Cecchin Salviati tornò a Roma con lo sconforto nell’anima, vivendo miseramente oppresso da tetra melanconia, e nulla più gli valsero le dolcezze dell’amicizia di Giorgio. Si pose a dipingere, ma con sì poco animo, che paragonando i suoi nuovi lavori a quelli fatti nell’adolescenza, niuno avrebbe creduto che fossero della medesima mano. Gli balenò un’altra speranza quando seppe l’uccisione del duca Alessandro fatta per mano di Lorenzino; ma subito dopo gli fu annunziata l’elezione di Cosimo I4 a suo successore, e udì come una sola libera voce, quella del senator Palla Rucellai, avesse protestato, ma invano, non voler più in Firenze nè duchi, nè principi, nè signori.
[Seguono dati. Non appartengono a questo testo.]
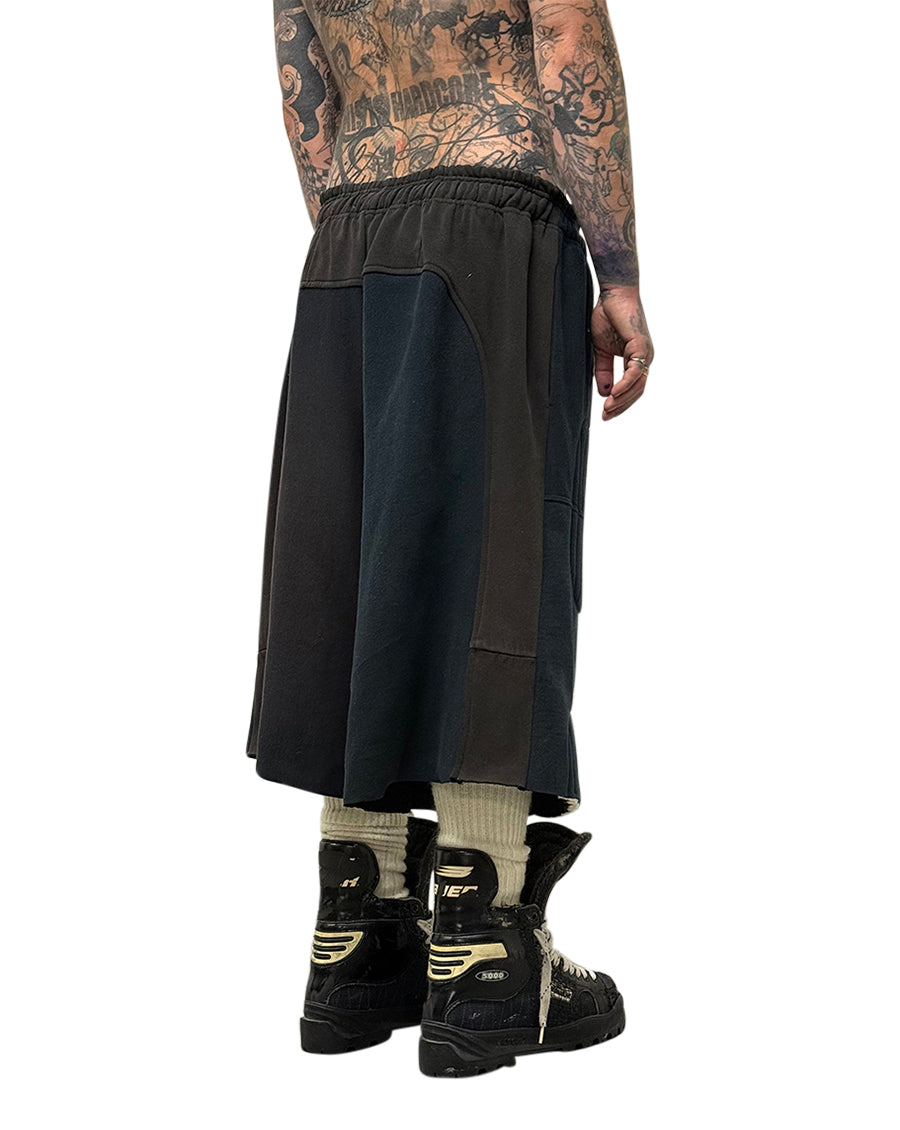 002 WAVE PADDED SWEAT-SHORT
Allora datosi in braccio a una mesta rassegnazione, lasciò languire un ingegno, che se non fosse stato compresso da tante calamità insieme riunite, sarebbe stato maraviglioso. Giorgio tentò ogni via per ispronarlo a risorgere, usò di tutte le sollecitudini dell’amicizia, di tutti gli allettamenti dell’arte; ma il cuore di Francesco era troppo amareggiato; il suo temperamento divenne acre, debole la salute, e fu più volte assalito da pericolose malattie.
Fra i suoi quadri ve n’è uno che dopo tante sciagure egli dipinse non senza profondo accorgimento. E una donna di belle e robuste membra e nuda in gran parte; ma le poche vesti neglette e ingemmate significano che per l’innanzi doveva essere stata coperta di ricchissimi adornamenti; il sinistro piede è avvinto a una grossa catena, celata in parte dai fiori e confitta in uno scoglio su cui è posto un vaso di squisito lavoro. Il vaso stesso versa rade ma continue gocce sull’anello della catena; un ramo d’ellera e tenacemente abbarbicato allo scoglio, e la sfera, simbolo del tempo, campeggia sul vaso. Quella donna guarda con occhio fisso e con aria di dignitosa e tranquilla rassegnazione le gocce che cadono sull’anello... L’Italia era sempre bella e ricca, quasi augusta matrona che esce da una festa, allorchè fu messa in catene e condannata al dolore... Forse fu questo il pensiero del Salviati; questa almeno e l’interpretazione d’un mio amico, e che io volentieri adotto, per la stima in che egli e tenuto dai più chiari ingegni del nostro tempo.
Note
- ↑ Vasari, Vita di Cecchin Salviati.
- ↑ Lo storico, e quello stesso che salvò i difensori del palazzo della Signoria coll’additar loro le pietre da lanciare sui soldati nemici.
- ↑ La maestà Cesarea dell’imperator Carlo V si tolse per sè 200,000 ducati che erano stati offerti ai suoi principali agenti per favorire Alessandro. Varchi, Lib. XIV; Rosini, pref. al Guicciardini ec.
- ↑ Figlio di Giovanni delle Bande Nere.